The redbrick façade and great twin spires of St Mary’s Basilica have become veritable symbols of the city of Krakow. Looming high over the Market Square, they were first raised in the 14th century, have weathered Mongol invasions, and still host the hourly trumpet call – the Hejnał Mariacki.
Set within walking distance of the Old Town, the historic Jewish Quarter of Krakow was once a separate city in its own right. Today, it’s totally subsumed into the fabric of the town, but still retains a unique culture and vibe with its crumbling tenement blocks, great synagogues and oodles of cool bohemian beer joints.
After hearing all the enthralling, swashbuckling tales of beasts and princes that surround the founding of Poland’s southern city, be sure to head to the base of the Wawel Hill, where a deep cave is said to have once been the lair of the formidable Smok Wawelski dragon himself! And just to prove it, a statue outside even breathes fire!
As the winding courses of the Vistula River snake through the heart of Krakow, its banks host wide spaces of greenery, ad hoc summertime markets, beer bars and bobbing boat cafes aplenty. Perfect for a stroll, people watching, jogging and cycling, these are known as the Vistula Boulevards.
For hundreds of years, the miners of the Wieliczka tunnels fuelled Krakow’s growth, pulling tonnes of valuable rock salt from the earth below the city. Today, their gift to the town continues, albeit in the form of carved artistry in the subterranean passages, and even the breathtaking wonder of St Kinga’s Chapel – an underground cathedral made totally of salt!
Dark, emotional, moving, and sobering in the extreme, there’s really nowhere in Europe quite like Auschwitz-Birkenau. It remains one of the top activities to do in Krakow, offering an informative and sensitive insight into the horrors of the Holocaust and the destruction wrought by the Nazis on the Jews and minorities of the continent. The memorial and museum are around an hour from the city centre.
Hidden behind the old walls of the Wawel Castle, arguably the most important church in all of Poland can be found looming high with its Baroque and Gothic frontispieces. Attractions are both high and low, going from the soaring lookouts of the Belfry to the national crypts under the main basilica.
Packed to bursting with the graves and grand sepulchres of Polish artists, politicians, poets, film actors, generals and more, the sprawling grounds of the Rakowicki Cemetery are like Krakow’s answer to Paris’ Père Lachaise.
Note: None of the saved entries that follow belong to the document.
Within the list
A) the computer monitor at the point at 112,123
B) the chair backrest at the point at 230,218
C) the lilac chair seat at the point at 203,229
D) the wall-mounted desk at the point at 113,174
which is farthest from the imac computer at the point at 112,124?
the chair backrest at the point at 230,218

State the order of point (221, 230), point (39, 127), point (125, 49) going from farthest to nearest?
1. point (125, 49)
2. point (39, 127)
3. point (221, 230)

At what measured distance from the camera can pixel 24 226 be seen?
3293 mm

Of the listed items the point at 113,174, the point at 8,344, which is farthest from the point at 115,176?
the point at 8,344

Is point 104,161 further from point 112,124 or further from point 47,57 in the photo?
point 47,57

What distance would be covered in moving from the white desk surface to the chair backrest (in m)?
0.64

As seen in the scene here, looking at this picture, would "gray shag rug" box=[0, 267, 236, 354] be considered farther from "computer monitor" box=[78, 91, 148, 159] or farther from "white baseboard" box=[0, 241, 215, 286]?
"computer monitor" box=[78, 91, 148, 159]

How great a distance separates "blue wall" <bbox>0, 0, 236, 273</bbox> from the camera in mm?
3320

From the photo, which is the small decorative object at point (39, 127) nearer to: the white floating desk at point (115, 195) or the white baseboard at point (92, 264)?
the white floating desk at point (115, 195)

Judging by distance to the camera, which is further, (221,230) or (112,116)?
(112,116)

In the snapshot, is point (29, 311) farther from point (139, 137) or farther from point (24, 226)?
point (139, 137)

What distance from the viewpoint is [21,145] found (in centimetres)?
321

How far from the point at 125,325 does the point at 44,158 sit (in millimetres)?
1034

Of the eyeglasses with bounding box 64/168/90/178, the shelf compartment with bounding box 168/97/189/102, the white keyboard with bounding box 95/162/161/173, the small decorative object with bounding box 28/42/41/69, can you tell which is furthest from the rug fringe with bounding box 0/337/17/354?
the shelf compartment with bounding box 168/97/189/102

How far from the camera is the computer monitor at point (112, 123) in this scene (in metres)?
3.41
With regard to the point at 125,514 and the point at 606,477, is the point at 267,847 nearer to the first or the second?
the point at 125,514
Head down on All Saints Day on November 1st to see thousands of twinkling candles in honour of the dead.
The bulbous stone peaks and forest-clad valleys of the Ojców National Park can be found just 20 minutes by car outside of Krakow. Crisscrossed by walking trails and peppered with deep caves, they also boast some beautiful haunted castle ruins and traditional country taverns. It’s a great choice for a day away from the city.
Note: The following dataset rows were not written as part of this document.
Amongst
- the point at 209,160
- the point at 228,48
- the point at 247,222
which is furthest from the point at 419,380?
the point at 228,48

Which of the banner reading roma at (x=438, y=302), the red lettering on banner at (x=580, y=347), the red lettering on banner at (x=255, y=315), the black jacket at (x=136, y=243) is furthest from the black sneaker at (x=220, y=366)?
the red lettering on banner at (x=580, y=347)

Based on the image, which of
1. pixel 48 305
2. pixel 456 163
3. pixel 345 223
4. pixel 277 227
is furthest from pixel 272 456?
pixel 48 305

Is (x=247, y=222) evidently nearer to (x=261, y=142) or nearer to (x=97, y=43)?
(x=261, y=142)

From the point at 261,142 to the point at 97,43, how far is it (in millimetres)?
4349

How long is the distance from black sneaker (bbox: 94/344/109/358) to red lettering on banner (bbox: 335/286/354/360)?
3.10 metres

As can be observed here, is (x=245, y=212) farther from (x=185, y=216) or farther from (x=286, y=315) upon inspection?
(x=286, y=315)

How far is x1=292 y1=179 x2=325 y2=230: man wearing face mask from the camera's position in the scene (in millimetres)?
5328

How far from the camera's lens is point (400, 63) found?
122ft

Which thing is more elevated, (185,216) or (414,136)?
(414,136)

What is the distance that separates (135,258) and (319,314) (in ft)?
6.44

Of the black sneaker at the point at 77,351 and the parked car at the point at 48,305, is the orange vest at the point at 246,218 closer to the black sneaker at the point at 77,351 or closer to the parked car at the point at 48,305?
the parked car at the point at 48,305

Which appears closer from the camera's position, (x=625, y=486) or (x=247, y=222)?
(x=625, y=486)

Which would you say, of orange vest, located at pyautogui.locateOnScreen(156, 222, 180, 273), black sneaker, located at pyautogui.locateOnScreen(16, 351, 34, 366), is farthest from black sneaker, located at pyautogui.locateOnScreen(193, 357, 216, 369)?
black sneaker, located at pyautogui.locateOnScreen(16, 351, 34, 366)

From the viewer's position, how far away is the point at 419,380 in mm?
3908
The great wedge of a green space that is the Błonia meadow sits on the western haunch of the city. It’s not much to look at in the winter, when it comes caked in ice and snow, but summertime brings runners, dog walkers, rollerbladers, cyclists, and even the occasional open-air festival, to the grass.
Cut-through by rattling tram lines and fringed with shops and cafes, this central square of Podgorze District is home to one of the most sobering memorials in the city. A series of large and small chairs have been placed in a grid across the cobbles, designed as a memorial to the people of the Jewish Ghetto in Krakow, which once crossed these very streets.
Hit the lively Unitarg on the weekends to experience a bona fide Polish flea market. Ramshackle stalls overladen with everything from Soviet trinkets to band patches, to age-stained metal tankards are what awaits. Haggle for everything, of course, and be sure to get in early for the best deals.